This discussion has been locked.

You can no longer post new replies to this discussion. If you have a question you can start a new discussion

AM3352 core hang-up

takashi over 7 years ago

Hello,

We are encountering the core hang-up of unknown origin in our mass-produced board using TI's AM3352 and Linux Kernel 3.13.4.
Regarding the reproducibility of the test, some units had the hang-up to take about 2000 hours after a system start,
and others had about 24 hours at the earliest from a system start.
And also the core hang-ups have occurred by 21 units out of 232 units.
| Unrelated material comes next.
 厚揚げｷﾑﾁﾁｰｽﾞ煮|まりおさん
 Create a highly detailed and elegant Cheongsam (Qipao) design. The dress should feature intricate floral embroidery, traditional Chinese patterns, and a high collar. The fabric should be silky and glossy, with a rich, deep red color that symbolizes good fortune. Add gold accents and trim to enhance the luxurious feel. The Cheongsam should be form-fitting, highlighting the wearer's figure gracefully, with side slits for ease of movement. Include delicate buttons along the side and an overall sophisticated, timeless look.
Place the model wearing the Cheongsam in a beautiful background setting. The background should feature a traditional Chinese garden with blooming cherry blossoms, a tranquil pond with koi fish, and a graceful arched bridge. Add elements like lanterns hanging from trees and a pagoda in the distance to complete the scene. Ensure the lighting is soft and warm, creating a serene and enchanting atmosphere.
Here is a trace log of ETB (Embedded Trace Buffer) acquired via JTAG (CoreSight).

0284.trace_log_20180104.zip

Trace log result summary
It stops by just before the core hang-up with the following processing sequence.
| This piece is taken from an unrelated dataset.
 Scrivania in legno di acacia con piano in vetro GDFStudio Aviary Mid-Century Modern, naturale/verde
1. Undefined instruction exception (VFP)
2. Processing of userland Process
3. Data abortion exception

The trace log is acquired by total of 5 times of core hang-up. It stops by the same processing in all trace log.

And from checking the last processing of all trace log; log_file, acquired at the hang-up,
it is set the value in a system control register of CP15, and it seems to make the MPU hung state.
Is there a possibility which will be in the MPU hung state by this processing?

ldr r0,0xC05E3420
ldr r0,[r0]
mcr p15,0x0,r0,c1,c0,0x0; p15,0,r0,c1,c0,0 (system control)

And so, please advise us the effective way to investigate this hang-up.

Best reards,
Takashi

Top replies

vstehle over 7 years ago in reply to takashi +1 verified

Hi Takashi, I see the code sequence of your trace in the Linux kernel code. As far as I can tell this is the `alignment_trap' macro in arch/arm/kernel/entry-header.S: 40 .macro alignment_trap, rtemp...

Parents

0 takashi over 7 years ago in reply to vstehle

Dear Vincent,

Thank you for your reply.

I see the code sequence of your trace in the Linux kernel code. As far as I can tell this is the `alignment_trap' macro in arch/arm/kernel/entry-header.S:

It is exactly as you say.

I don't see why this would be a problem. There are indeed 7 occurrences of this sequence in your trace and only the last one had an issue.

We also care about the execution of the VFP before "mcr p15".
So it looks like a problem with coprocessors.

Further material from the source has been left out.